Update on the Endowment Fee Structure (Metagov + kpk)

TL;DR:
Metagov Stewards completed a review of the Endowment’s fee structure, following our responsibility to oversee the DAO’s relationship with the treasury manager. After sharing our research with delegates and validating the alternatives with kpk, we aligned on moving to a AUM-only fee model. This change improves incentive alignment, reduces complexity, and better reflects ENS’s long-term, conservative investment approach.


1. Why this review happened

One of Metagov’s primary responsibilities is managing the relationship between the DAO and the Endowment’s treasury manager.

Over time, several delegates and community discussions raised thoughtful questions about the incentive alignment of the current fee structure and whether it best served ENS’s conservative IPS.


2. How the process worked

To keep everything transparent and collaborative, we approached the review in four steps:

  1. Metagov led a full research effort
    We examined the existing structure, modeled alternative fee designs, chatted with fund managers/defi researchers, and backtested each model using historical data.

  2. We shared the research with Delegates
    Their feedback helped shape the direction: simplicity, predictability, and IPS alignment were strongly preferred.

  3. We validated the alternative structures with kpk
    kpk was fully open to discussing both models proposed in the research.

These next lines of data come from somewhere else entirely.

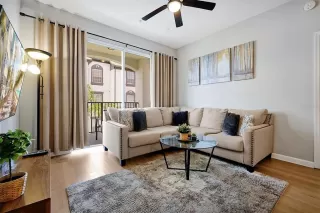 Photo #1: O6310826 Listing 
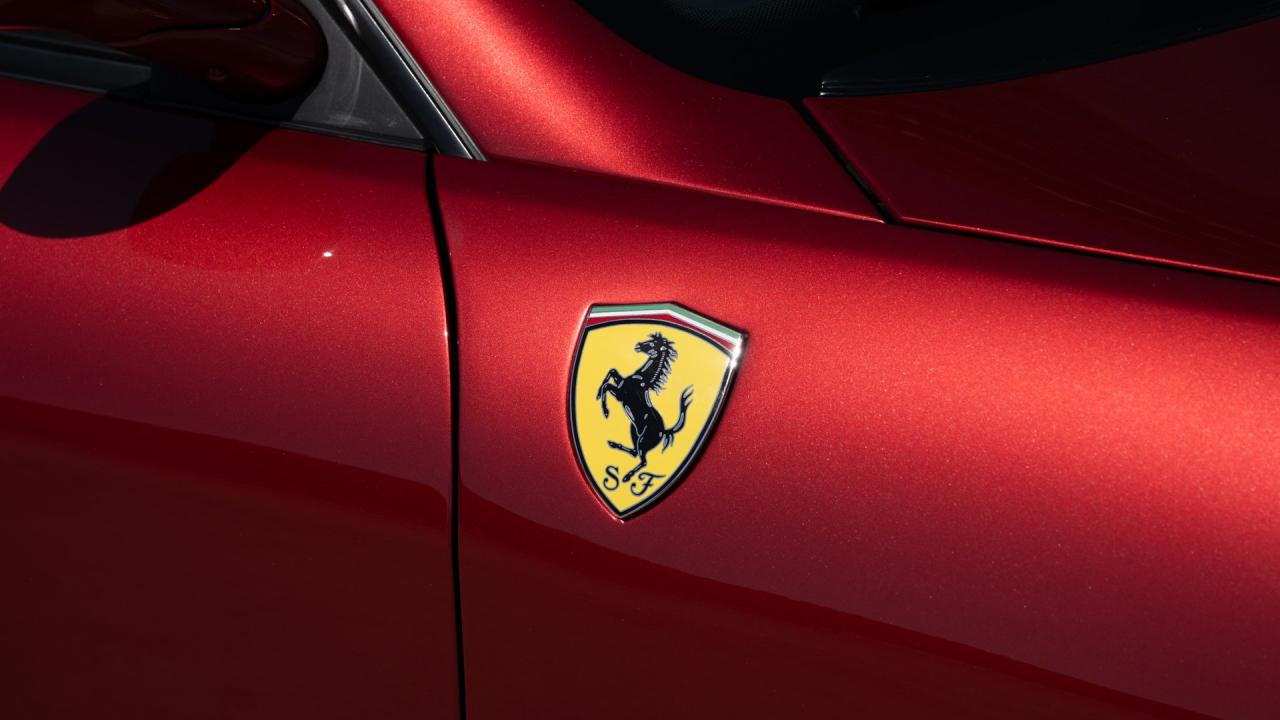 2001 Ferrari 550 Barchetta Pininfarina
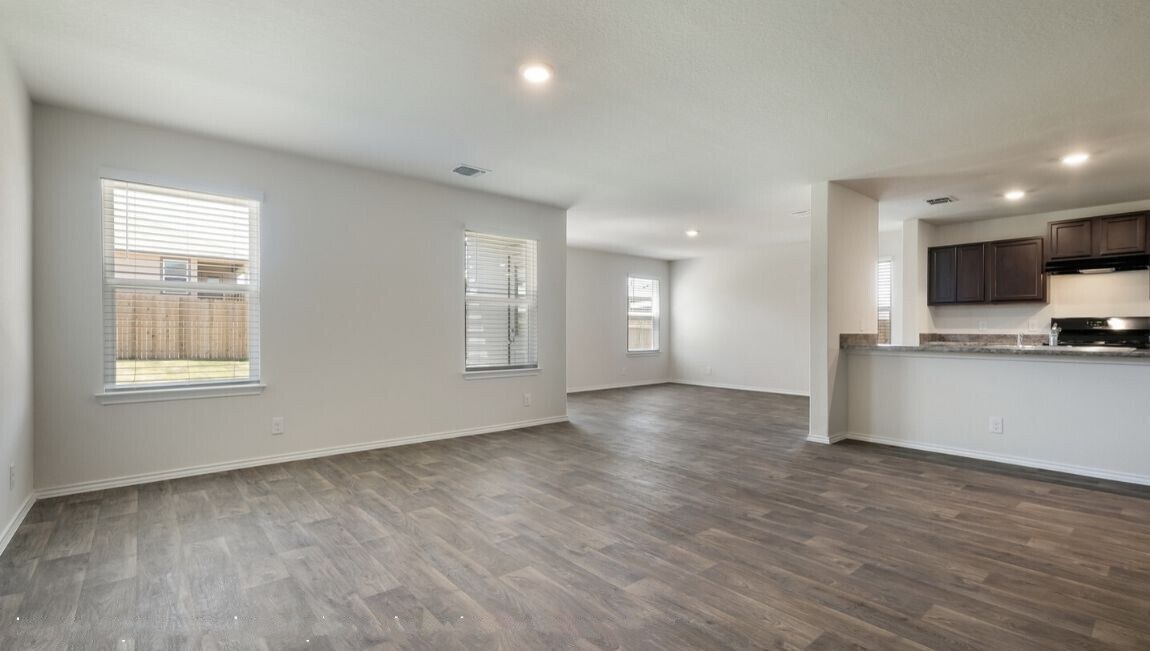 5887 Kendall Pr in San Antonio, TX - Foto de edificio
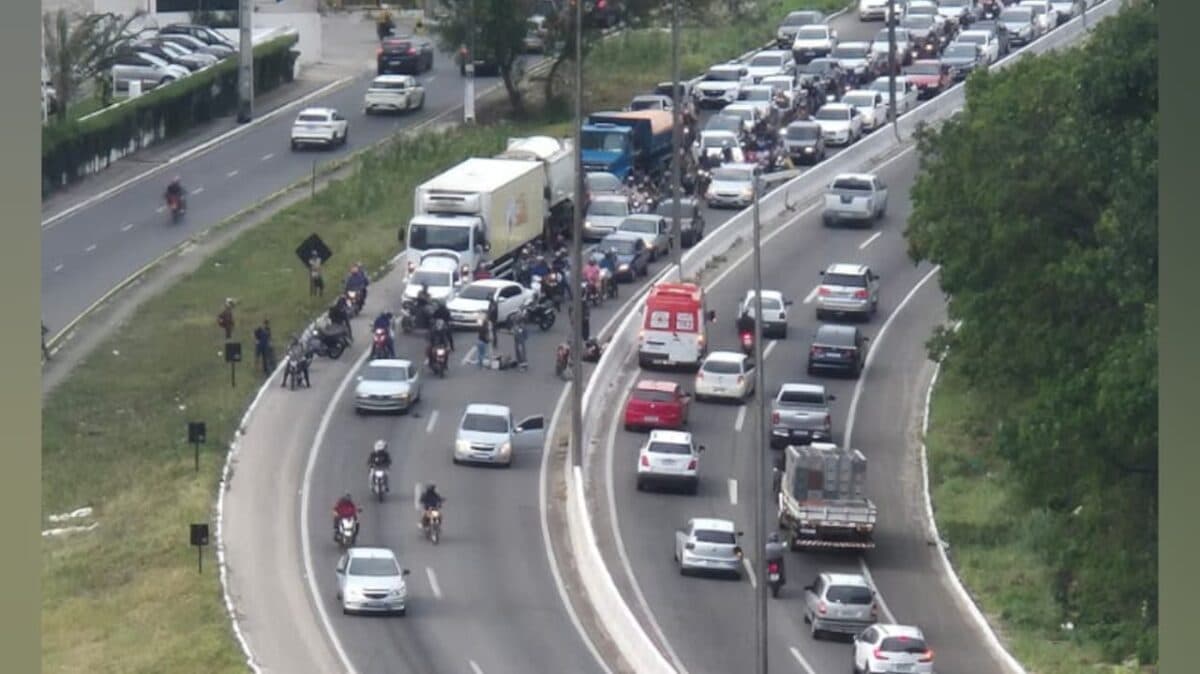 Acidente na BR-230, no Jardim São Paulo, deixa três pessoas feridas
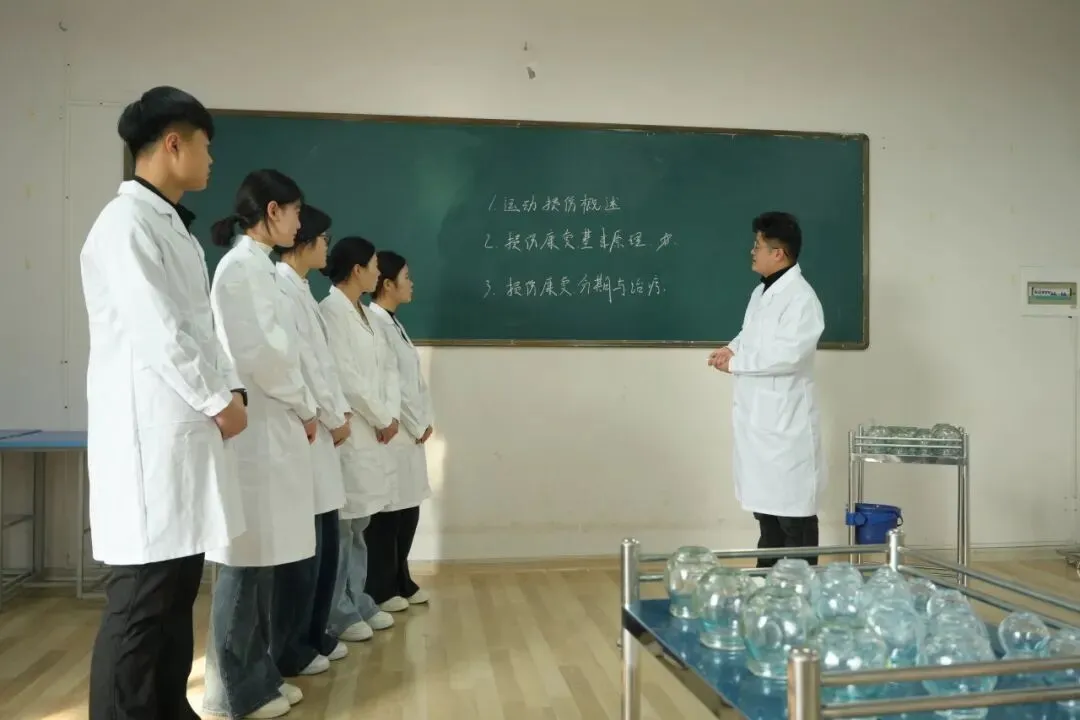 高考速递 | 智慧健康养老服务与管理:银发产业新沃土,就业快人一步-第14张图片-四季读书网 高考速递 | 智慧健康养老服务与管理:银发产业新沃土,就业快人一步-第14张图片-四季读书网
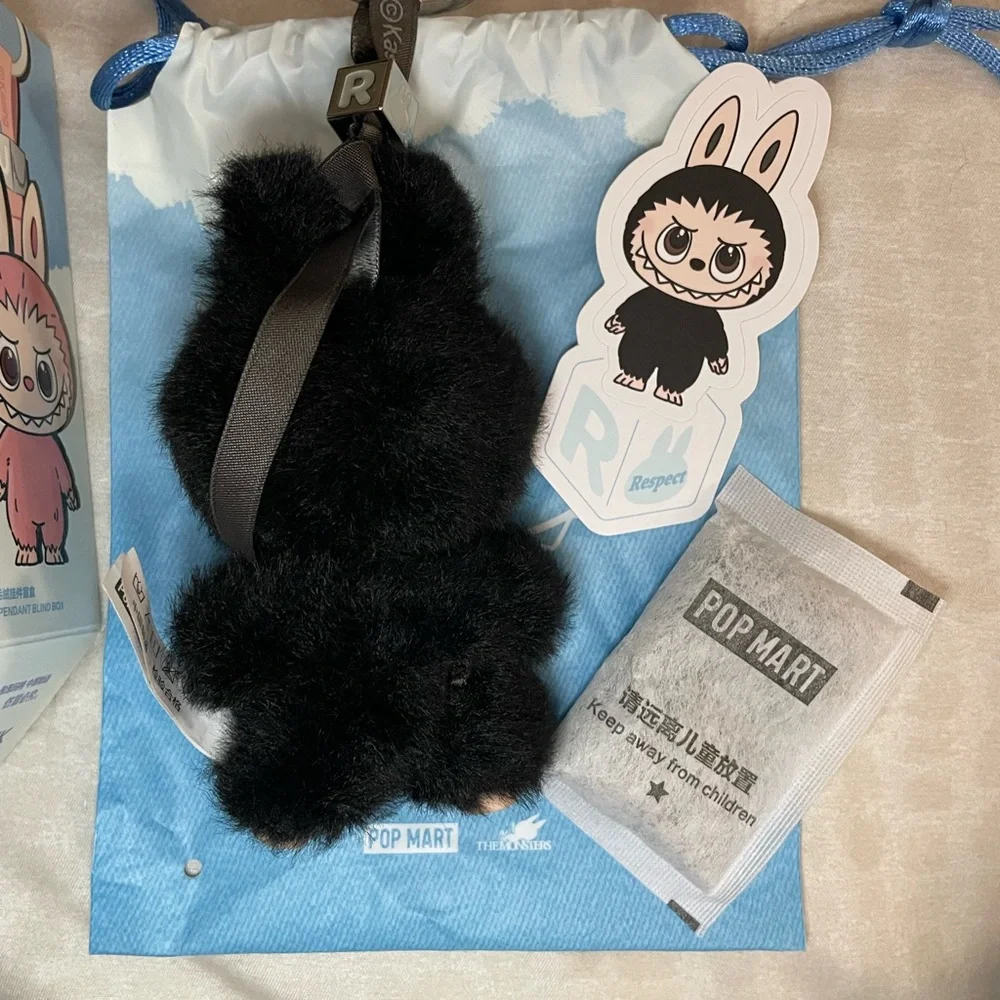 Labubu Pin for Love - R - Picture 7 of 8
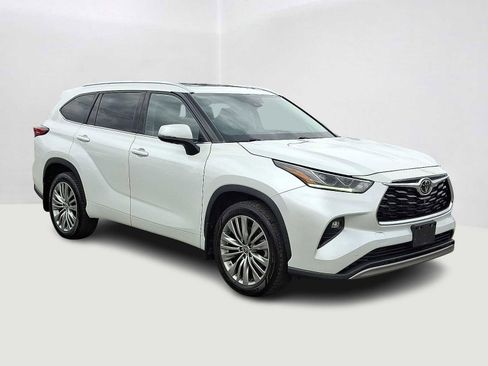 Certified 2022 Toyota Highlander Platinum image 5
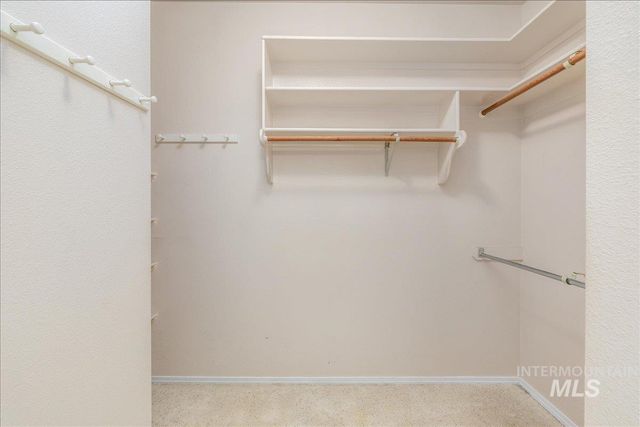 6160 N Fountain Ln, Garden City, ID 83714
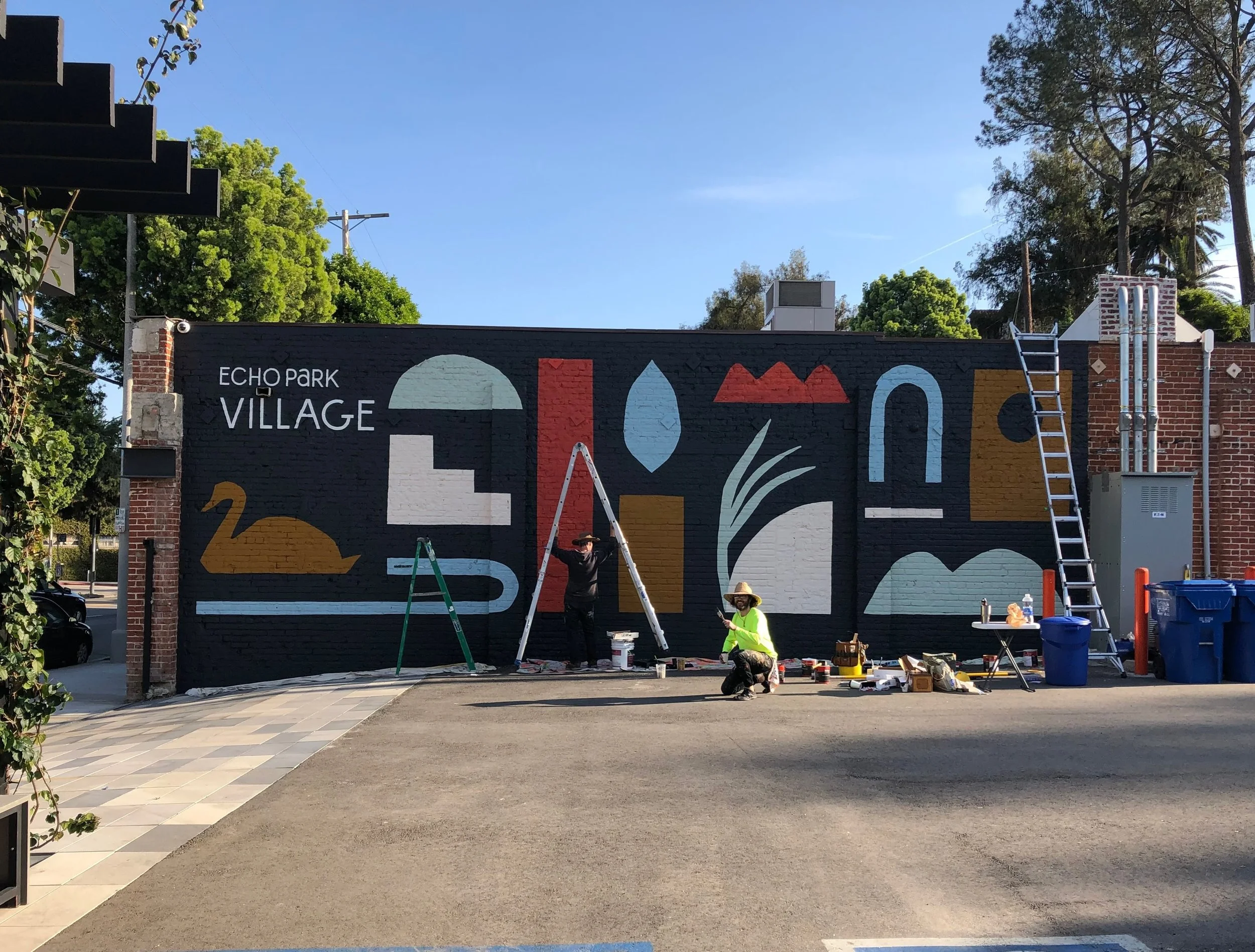 We were painting a mural on a beautiful SoCal day&hellip;

Despite it being on one of the toughest surfaces possible, brick, it was going smoothly. 

The sky turned from clear and bright blue to dark grey and suddenly pouring rain. I&rsquo;ve since f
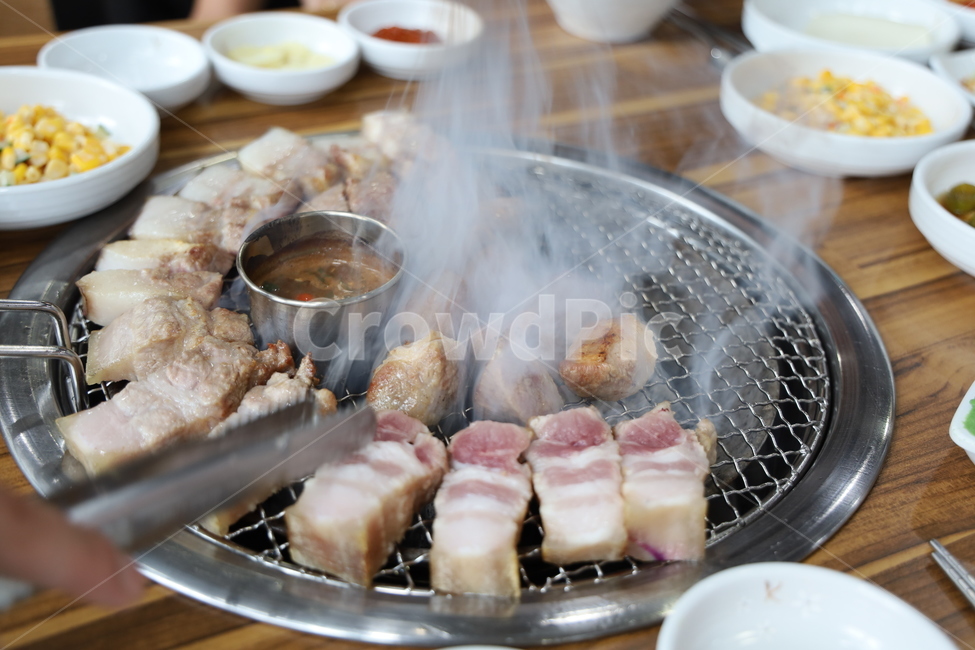 돼지,돼지고기,흑돼지,삼겹살,목살,근고기,음식,식재료,요리,food,cook,meal,dishes,food reserves,육류,고기,meat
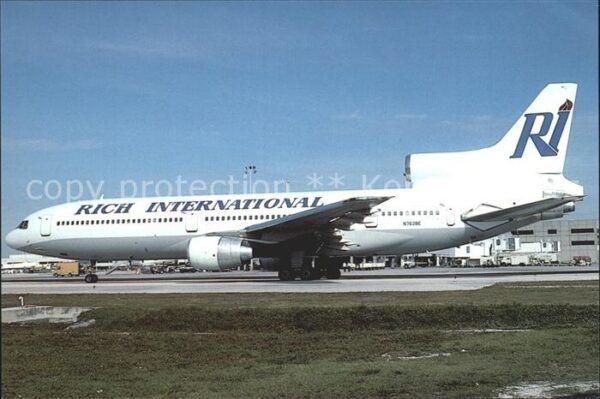 Flugzeuge Zivil Rich International Airways Inc. L1011-3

They showed clear willingness to adopt whichever structure best serves ENS.

  4. Consensus emerged around the AUM-only model
    Delegates favored its simplicity and alignment, and kpk supported this direction.

3. What’s changing

We are transitioning from the current fee structure:

  • 0.5% AUM fee (capped at $100M)
  • + 10% performance fee on DeFi yield

To a Decaying AUM-only model, which:

  • keeps the base 0.5% fee at $100M
  • gradually decreases as AUM grows
  • removes the performance component entirely

This brings the structure closer to ENS’s conservative mandate and ensures the DAO isn’t paying performance fees for benchmark-level net returns.

4. Why this is an improvement

The AUM-only model provides several benefits that delegates consistently highlighted:

  • Better alignment with ENS’s IPS
    The Endowment aims for stability and preservation, not aggressive yield-seeking.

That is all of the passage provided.